Han and Leia look at each other preparing to smooch each other’s faces off before Vader gives the final blow that sends the walker to the ground. “Move in for the kill,” he tells himself in his most intimidating James Earl Jones-like voice.

Luke flies in to SAVE THE DAY. Like an asshole. Han appears to be seven kinds of unconscious while Leia, a tiny woman, hefts him up with one arm and blasts bitches with the other. Leia urges Luke to give it up and follow them, but Luke is steadfast in his resolve (aka dumb) and wants to straight up murder some more Imperial officers.

Star Wars (Vol. 2), Issue #3

So help me God, Luke, you’re going to get such a noogie.

Stormtroopers alert Vader that one of the Rebels is headed back to the factory, but since Vader wants to deal with Luke himself, he’s all like “I’m gonna deal with this one myself” and heads over to deal with Luke himself. And before you know it, Vader is chasing Luke down in one of those vehicles that shoots people. You know, every vehicle in Star Wars.

Overseer Aggadeen congratulates his men on a job well done averting catastrophe about six seconds before Luke whips through on his speeder bike and shoots the core, overloading the system and making the room turn red again. Aggadeen has the most sad-sack look on his face, but he’s going to die soon so we shouldn’t feel sorry for him.

Vader blasts Luke successfully, which makes Luke cry. “I’m sorry, Father. Sorry I’ll never be the Jedi you were,” he whines, closing his eyes. Ain’t no shame in that. You can flip burgers at Tatooine’s only Burger King, son.

Something explodes. Vader thinks he has won, but he gets a glimpse of the Millennium Falcon lifting up and taking off. Chewie just needs to get the hyperdrive working so they can hyperdrive their way to hyperspace and then hyper-get-the-fuck-away. Star Destroyers follow, ready to blow up the ship! But they ain’t getting blowed up today, nosiree. Ain’t no one gettin’ blown.

Han is too injured to control the ship, so Leia takes over. Leia prays that the hyperdrive works, and it does! See, praying does work after all! Thoughts and prayers!

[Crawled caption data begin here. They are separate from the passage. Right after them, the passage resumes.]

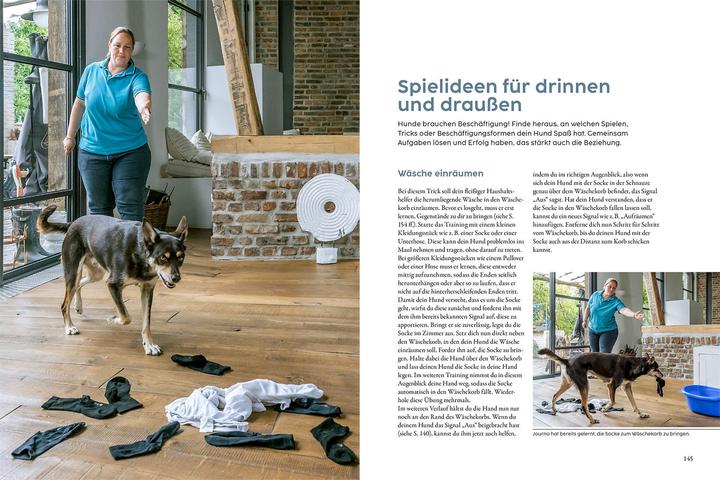 Produktbild Kosmos Hundetraining mit Martin Rütter (Deutsch, Martin Rütter, Andrea Buisman, 2022)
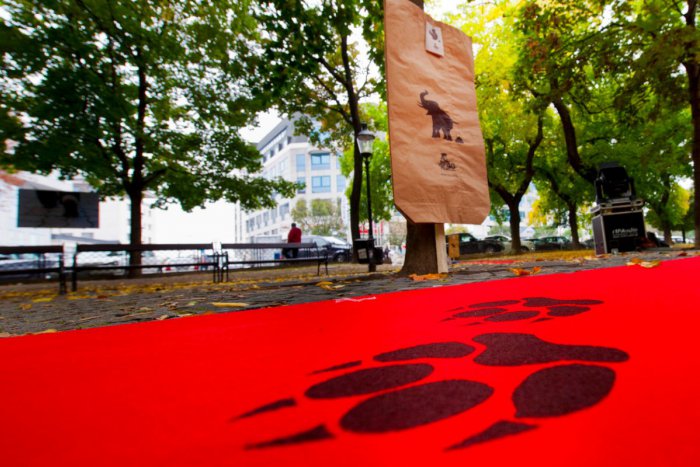 Ilustračný obrázok k článku Pre tých, ktorým nie je ľahostajné životné prostredie: Štartuje filmový festival Ekotopfilm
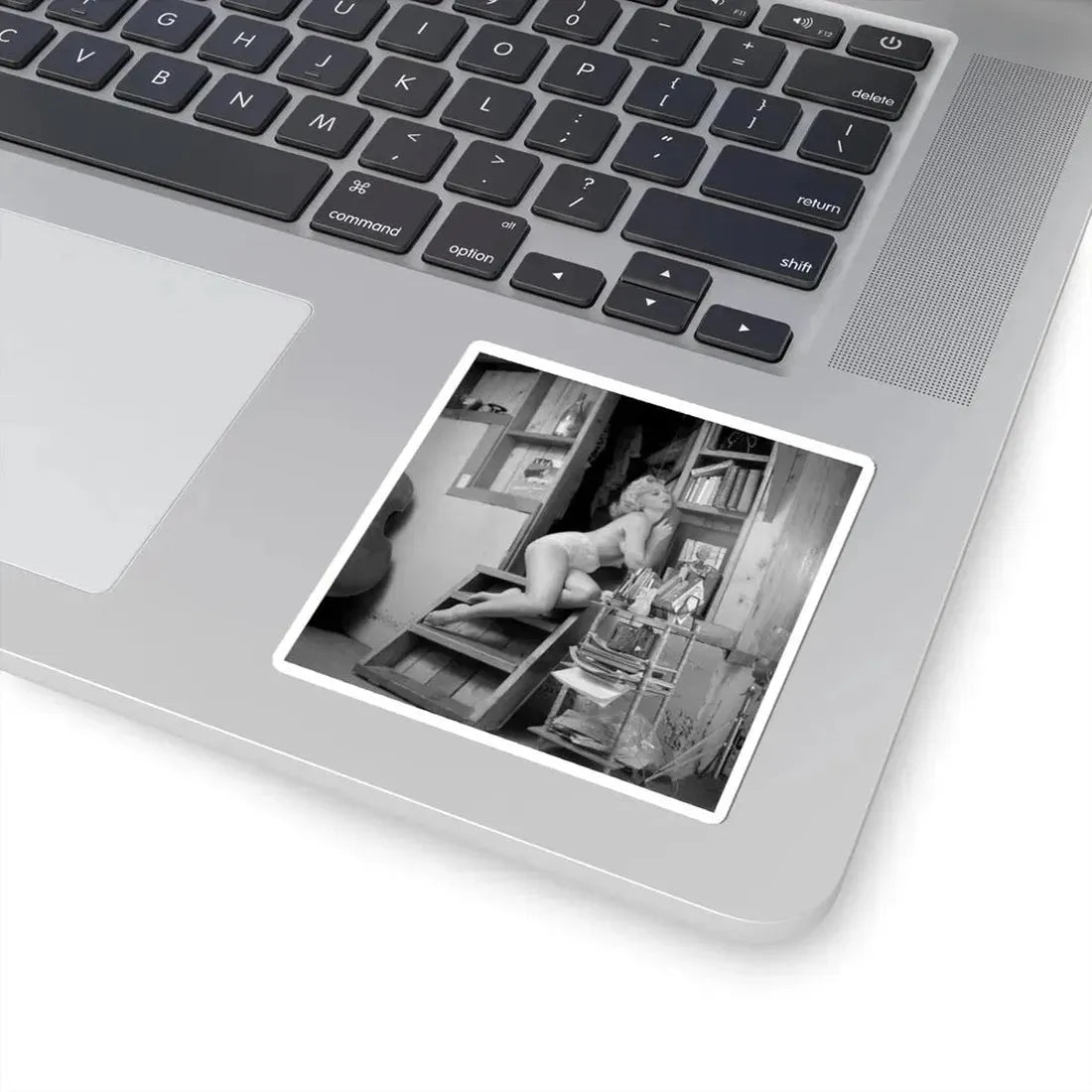 Yvette Vickers #95 (Vintage Female Icon) STICKER Vinyl Kiss-Cut Decal - The Sticker Space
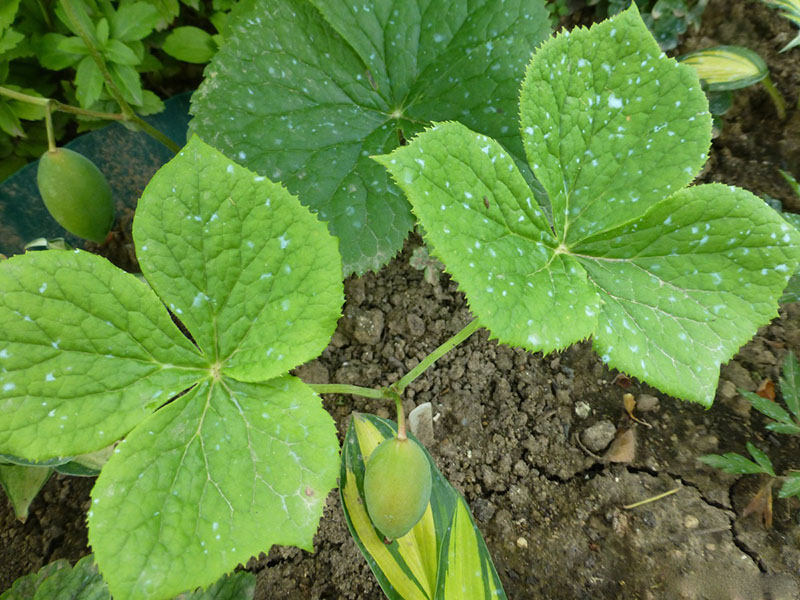 soins podophyllum dans le jardin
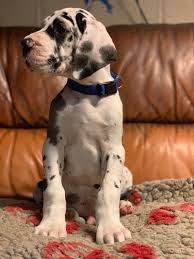 Wisconsin is a great trip for people who love being outdoors and surrounded by nature. Tamzdane Great Dane Puppies Current Litters Pups Breeding Plans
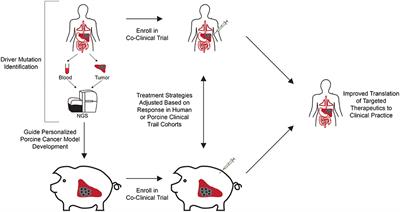 Translating Human Cancer Sequences Into Personalized Porcine Cancer Models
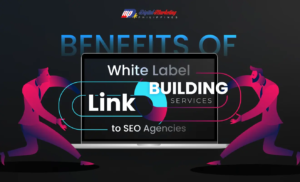 Benefits of White Label Link Building Services to SEO Agencies (Infographic)
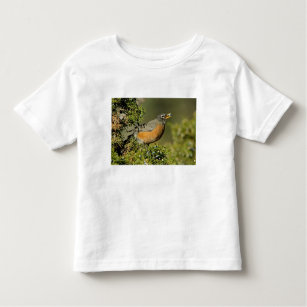 Male American Robin eating juniper tree Toddler T-Shirt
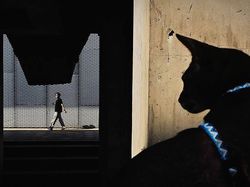 Foto HP Makin Gila! Ini Pemenang Mobile Photography Awards 2025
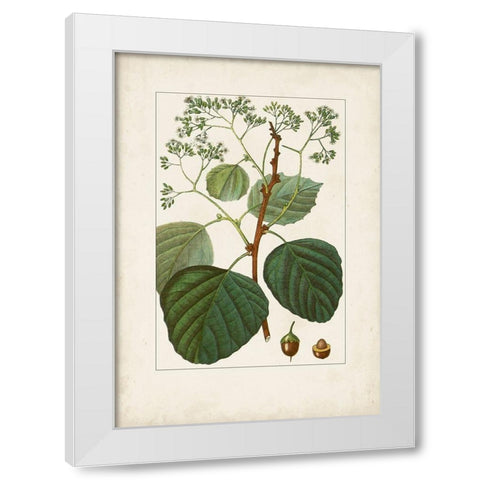 Antique Turpin Botanical IV White Modern Wood Framed Art Print by Turpin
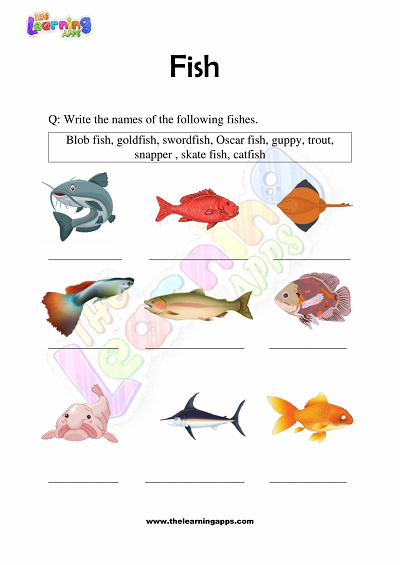 Fish-Worksheets-Grade-3-Activity-4
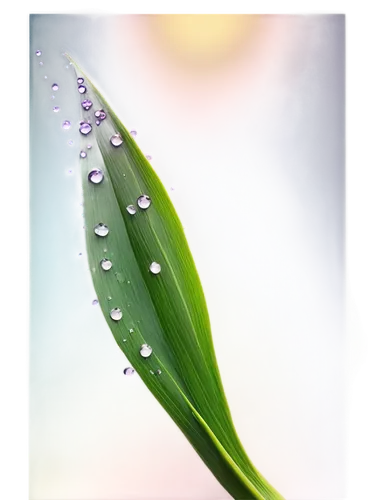 dewdrop,dewdrops,dew drop,dew drops,raindrop,waterdrop,dew droplets,water lily leaf,waterdrops,droplet,droplets,water droplet,water drop,rainwater drops,morning light dew drops,morning dew,water droplets,drop of rain,raindrops,early morning dew,Illustration,Japanese style,Japanese Style 08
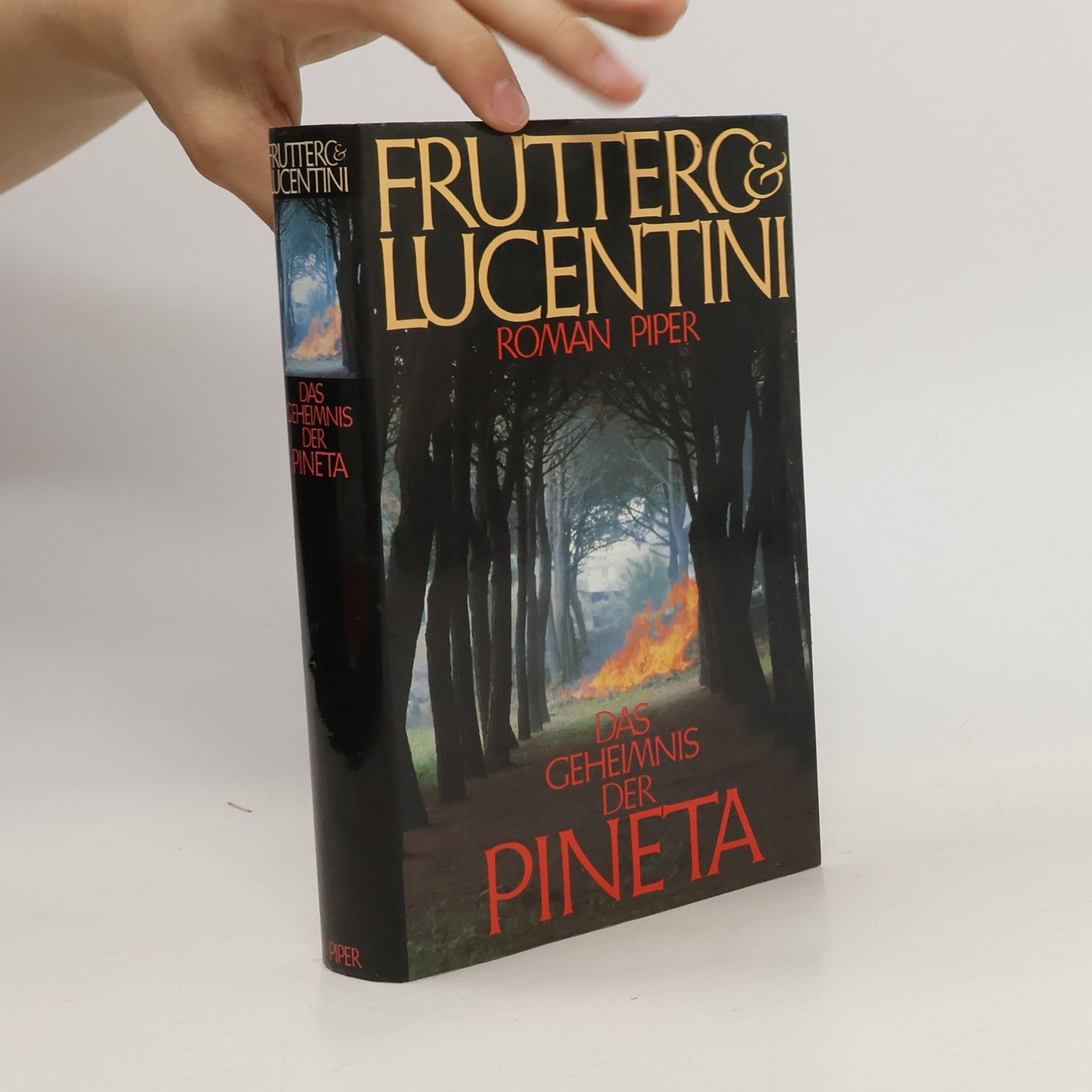 Carlo Fruttero Das Geheimnis der Pineta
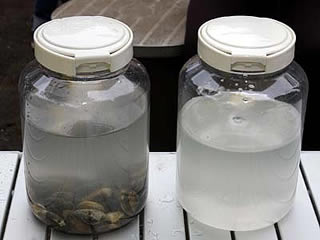 アサリを使った水質浄化実験(2)
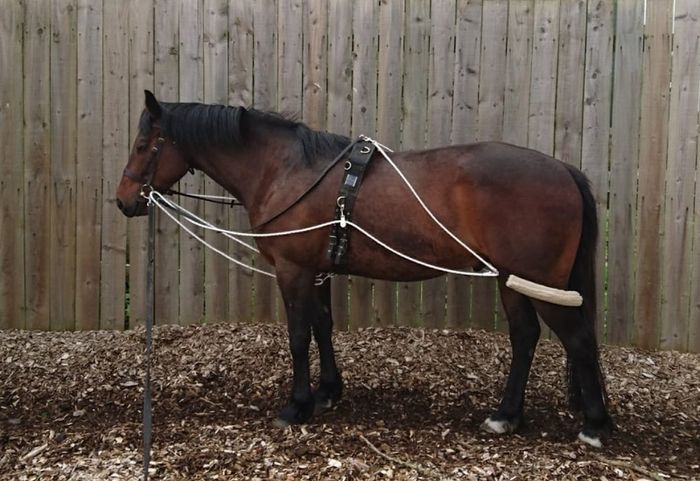 Berney Bros GP Saddle 17.5 inch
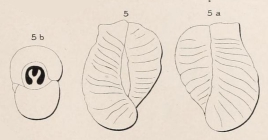 Triloculina inflata d'Orbigny, 1826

Star Wars (Vol. 2), Issue #3

Barely conscious and less mouthy, that’s what really melts her butter.

Vader is now informed that the Star Destroyers have lost their target. Hyperspace and all that. The bane of the Empire’s existence. This is Vader’s response: “HGGGHK… GGGHKK… ARRRRRGGGHHHKKK…” lol

He talks to the air. “The boy. The boy is your last great hope, isn’t he, Obi-Wan? He is what you died to protect. He may be strong in the Force, but he is untrained. And who is there left to train him now? No one but me.”

Well snap. This guy is going to try to get another disciple for the dark side. You know how all these guys just love the dark side…

Inexplicably, Luke had made it to the Millennium Falcon. He slumps sadly against a wall while Leia smiles and asks if he’s ok. Does he look ok?? He’s never going to be a true Jedi! Dreams are dashed! The mean guy with the black helmet is proof of that!

*frown*

We end with a couple of aliens flying their ship across the Dune Sea where they intend to drop off a body in a casket. Just a dead Rodian, what’s so special about this one that needs a special transport, eh?

This Kenobi guy must be a real hot shot of he gets a special body dumped in front of his house, huh? Weird, but hey. These two aliens are just performing their duty and whatnot! Think nothing of it!

The dropped off casket has letters engraved in an alien language. Translated: “For Luke”

Final Thoughts

I hope it’s Obi-Wan’s hilariously rotting corpse. And Luke has to eat it to gain his Jedi powers. This is all canon, by the way! I want Luke to eat Kenobi’s corpse, please.